Here, then, is Athens connected to the old sky gods through a building that, badly damaged by the Venetian navy in 1687, has haunted Western culture and informed its architecture from Neo-Classicism to Le Corbusier.
Much of the Parthenon's famous frieze - the Elgin Marbles - is housed, contentiously, in the British Museum.
How to visit: Open daily 8am to 7pm (8.30am to 3pm in winter), site entry €12. Arrive early - the people, the sun - although the Acropolis is often busy with restoration work, all cranes and scaffolding. Then visit the new Acropolis Museum (€5).
4. Hagia Sophia
Architects: Isidorus and Anthemius
This astonishing 6th Century church dedicated to Divine Wisdom was built in just five years. Its design was revolutionary - a vast central space under a dome that appeared to be supported by faith alone - and its client, the Emperor Justinian, suitably impressed. When Isidorus and Anthemius led him inside, Justinian is said to have fallen on his knees declaring, "Solomon, I have outdone thee". Here was a church greater than Jerusalem's fabled Temple of Solomon. A mosque from the Muslim conquest of Constantinople in 1453 and a museum since 1935, Hagia Sophia remains the architectural anchor of Istanbul.
How to visit: Open daily 9am to 7pm (9am to 5pm winter), entry 40 Turkish lire. This is Turkey's most popular tourist attraction, yet the Church-Mosque-Museum is so vast that even when queues for tickets are long, it rarely feels crowded.
5. Salisbury Cathedral
Architect: Elias de Dereham
What makes Salisbury cathedral so special - its sky piercing 404-ft high spire aside - is that, stylistically, and despite restorations over the centuries, it is all of a piece. Perched on a perfect green lawn in a superb cathedral close, it resembles some exquisite, if vast, Gothic casket. Cool, chaste and serene to the eye, the structure of the cathedral is, nevertheless, the stuff of high Gothic drama. When the tower and spire were added, their weight caused their supporting pillars to bend inwards; you can see this phenomenon from beneath the crossing. Christopher Wren came to the rescue with tie beams in 1668.

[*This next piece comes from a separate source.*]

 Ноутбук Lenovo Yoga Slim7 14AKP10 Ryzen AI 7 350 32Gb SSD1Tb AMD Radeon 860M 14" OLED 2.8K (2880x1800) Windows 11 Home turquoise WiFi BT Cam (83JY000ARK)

How to visit: Open daily 9am to 5pm (Sunday 12 to 4pm), entry free. Stay on for choral Evensong, 5.30pm weekdays (Sunday 4.30pm). Dogs on lead welcome. Best to book spectacular Tower Tour (332 spiral steps): salisburycathedral.digitickets.co.uk (£12.50); minimum height restriction, 3ft 9inches.
6. Castle Howard
Architects: John Vanbrugh, Nicholas Hawksmoor
Forever Brideshead in the eyes of those seduced by ITV's 1981 adaptation of Evelyn Waugh's baroque novel, Brideshead Revisited, Castle Howard marks the spectacular architectural debut of Sir John Vanbrugh, soldier, East Indian merchantman, spy, playwright and witty stalwart of the fashionable Kit-Kat Club. Nothing less than palatial, the great domed house rises from a stirring North Yorkshire setting, its sheep-studded acres adorned by such peerless 'eyecatchers' as Vanbrugh's Temple of the Four Winds and Nicholas Hawksmoor's colonnaded circular mausoleum for the Howard family, who live here still. Devastated by fire in 1940, today the 145-roomed house is hugely popular.
How to visit: Open daily April to October (10.30am - 4pm), entry £17.50 (adults). Christmas Season, 19th November to 23rd December 2016, £18.95. Gardens and grounds, with notably fine monuments, open all year (10am to 5pm), entry £9.95, dogs welcome. castlehoward.co.uk.
7. Sagrada Familia
Built: 1881 - present
Architect: Antoni Gaudí
When complete in 2026, the Expiatory Temple of the Holy Family, will - at 566-ft high - be the world's tallest church. With eight of its eighteen vegetable-like towers complete, it is already one of the world's most extraordinary buildings. Some have found it preposterous. For George Orwell it was "one of the most hideous buildings in the world", while Salvador Dalí thought it had a "terrifying and edible beauty" and "should be kept under a glass dome." In recent years, its ingenious design and construction has fascinated architects researching advanced methods of construction. Gaudí did without a computer, but he had God on his side.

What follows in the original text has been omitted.